Sí, la Iglesia debe “encontrarse” con las personas donde ellas estén, y los pastores deben “apacentar” a sus rebaños.

Sin embargo, en un sentido más profundo, el cristianismo no consiste en satisfacer “mis necesidades”, pues el foco no debe estar en nosotros mismos, sino en los demás.

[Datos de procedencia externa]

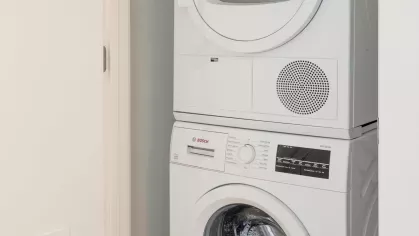 In-unit Bosch stacked washer and dryer neatly tucked into a closet space.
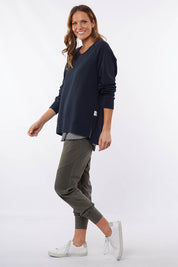 A model wearing the Fundamental Victoria Crew in colour Navy (Blue), from the front, showing the whole outfit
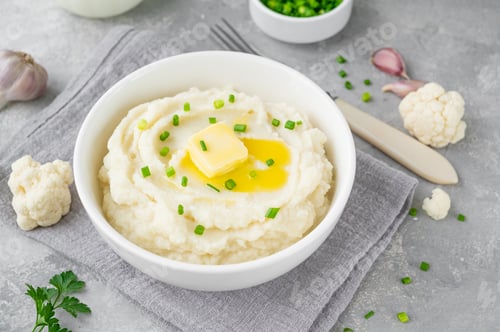 Preview: Cauliflower puree with butter and green onions in a white bowl. Healthy food. Copy space.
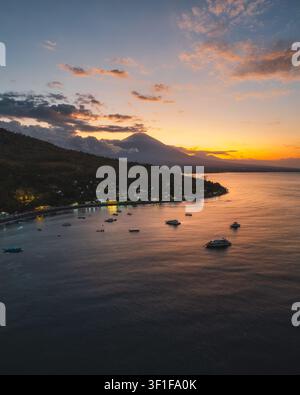 Luftaufnahme des Mount Agung, der über der Küste von Amed aufragt, mit Booten, die in der ruhigen See bei Sonnenuntergang in Amed, Bali, Indonesien, vor Anker liegen. Stockfoto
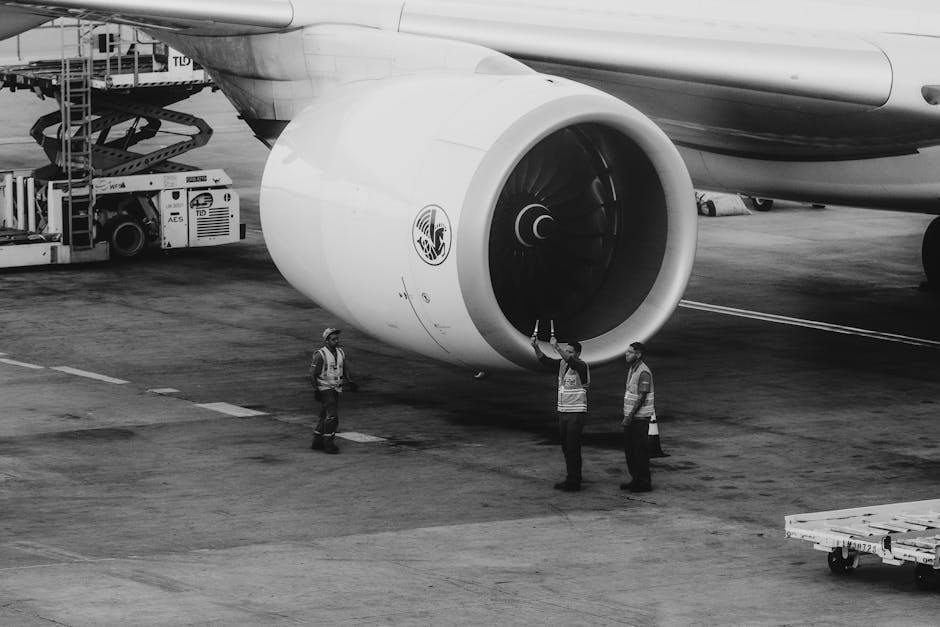 Aviation workers inspecting jet engine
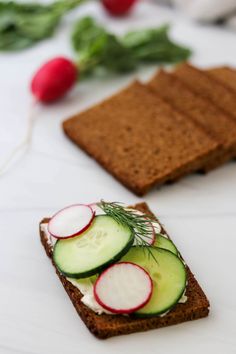 two slices of bread with cucumber and radishes on them, next to other food items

Como Jesús mismo dijo: “El Hijo del Hombre no vino al mundo para ser servido, sino para servir”.

La espiritualidad cristiana no es simplemente un ejercicio de “mirarse el ombligo”. La espiritualidad cristiana consiste, en última instancia, en conformarnos a la imagen de Cristo que, como nos dice el Evangelio, “pasó haciendo el bien”. Por lo tanto, la espiritualidad, aunque orientada hacia el cielo, también debe llevarnos a plantar los pies firmemente sobre el suelo, y necesariamente nos involucra en lo que los autores espirituales han designado como las obras de misericordia “corporales” y “espirituales”.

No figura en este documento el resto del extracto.